With the pictures excluded, output only the lines from the one containing "Рустам Ходжаев" through the last line of the entries, unchanged.

Input data:
'''
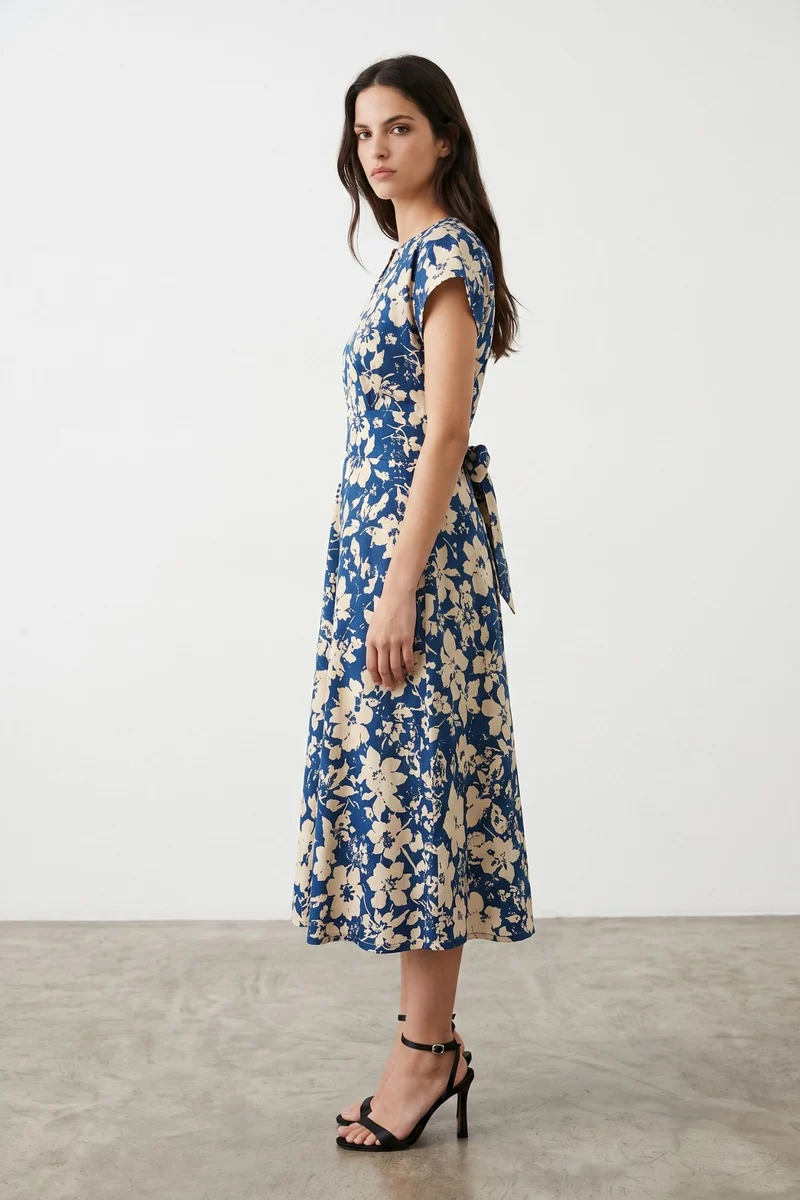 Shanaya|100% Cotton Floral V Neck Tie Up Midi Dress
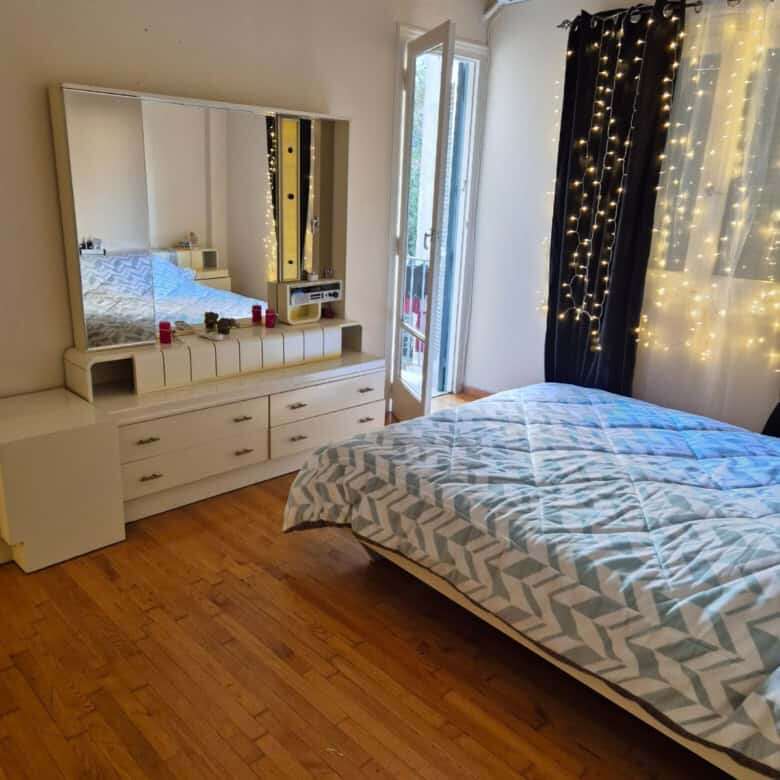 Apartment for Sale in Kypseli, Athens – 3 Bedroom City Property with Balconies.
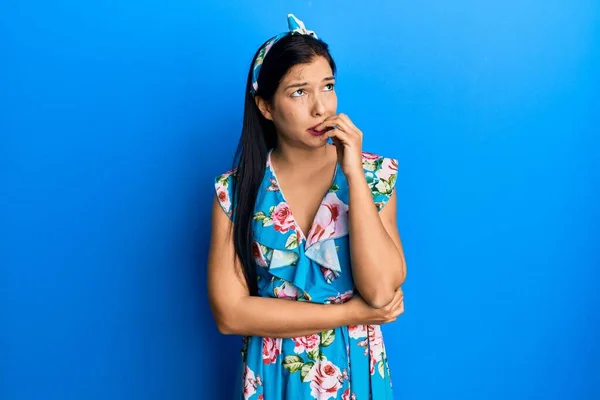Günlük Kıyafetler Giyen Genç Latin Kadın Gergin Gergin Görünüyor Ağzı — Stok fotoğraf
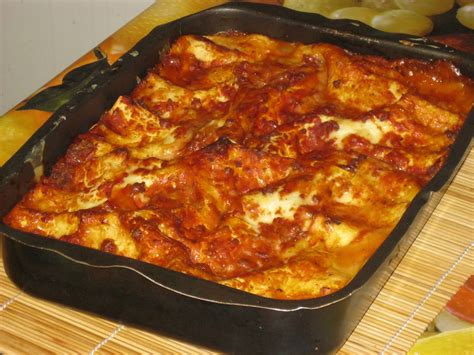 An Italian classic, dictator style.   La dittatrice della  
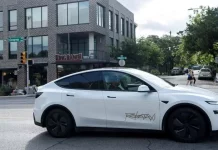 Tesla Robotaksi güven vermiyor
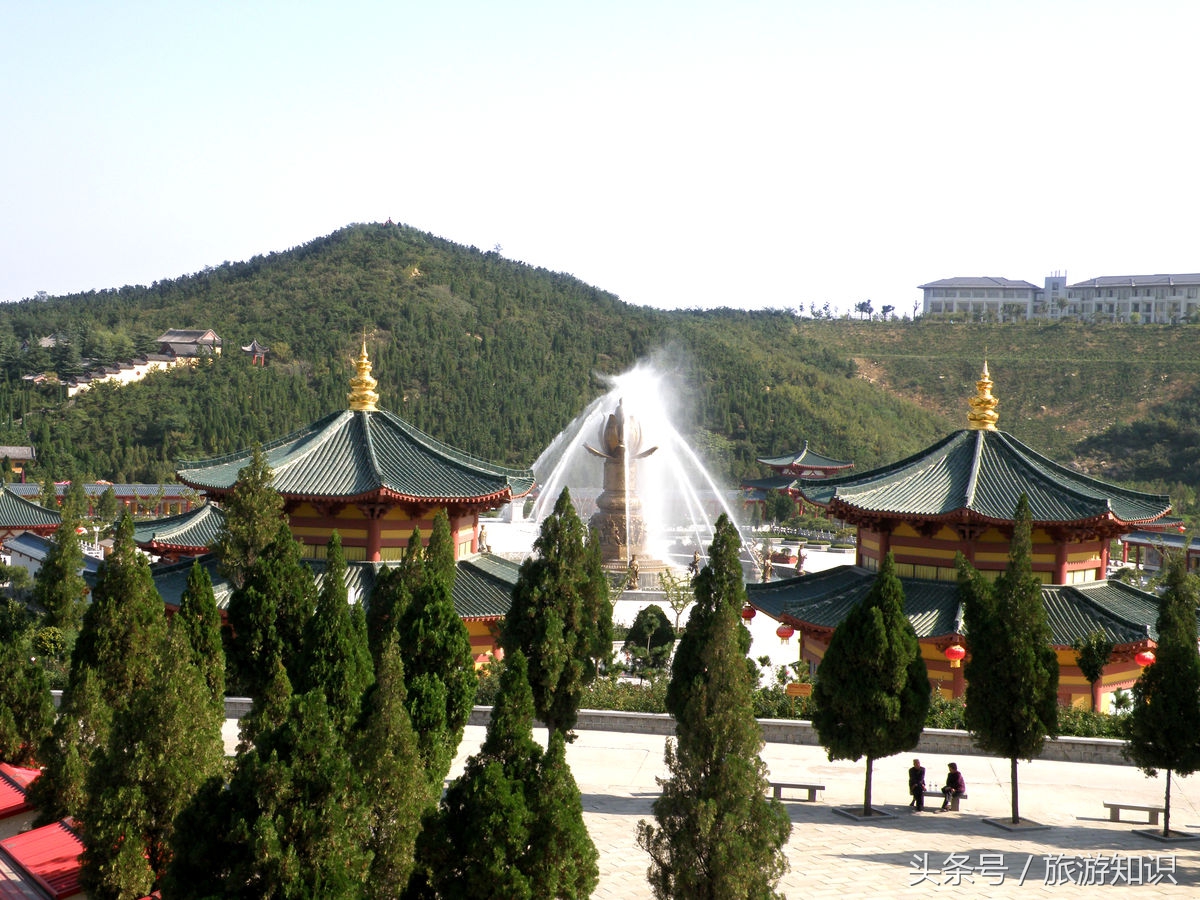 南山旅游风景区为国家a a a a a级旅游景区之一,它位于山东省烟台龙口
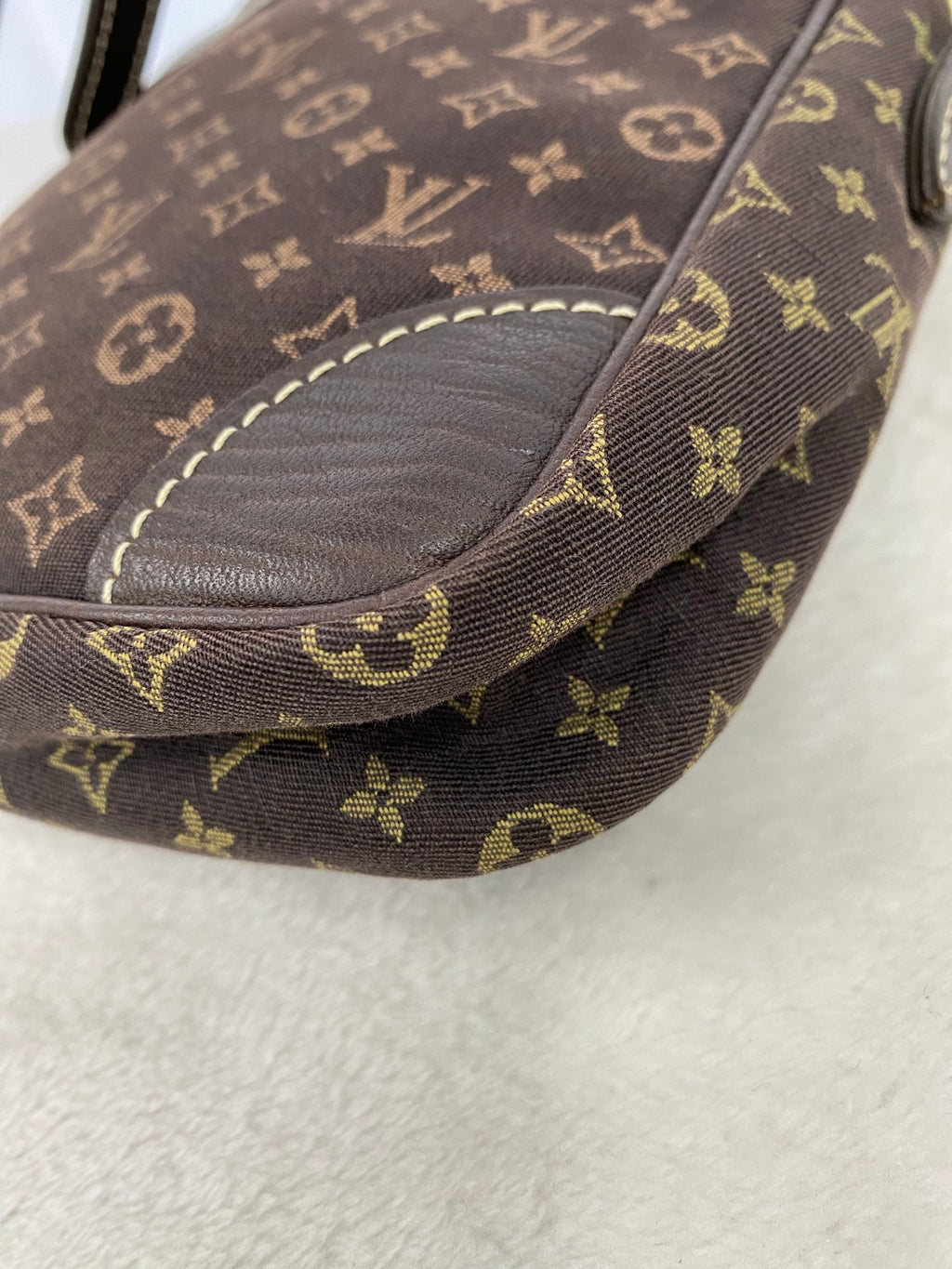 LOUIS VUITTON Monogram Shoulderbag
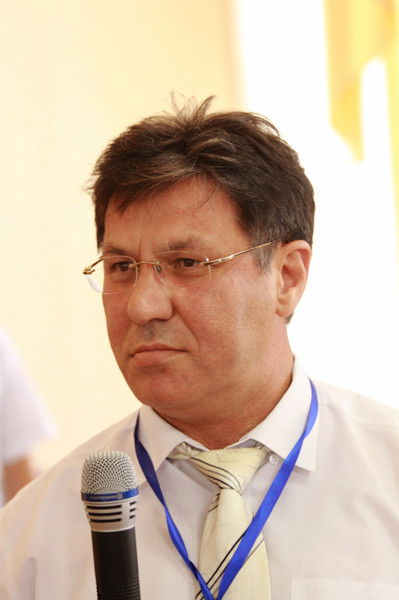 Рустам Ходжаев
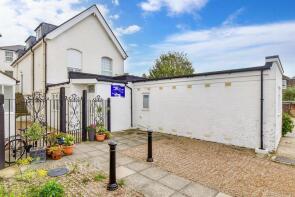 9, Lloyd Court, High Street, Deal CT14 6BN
'''
Finished task:
 Рустам Ходжаев
 9, Lloyd Court, High Street, Deal CT14 6BN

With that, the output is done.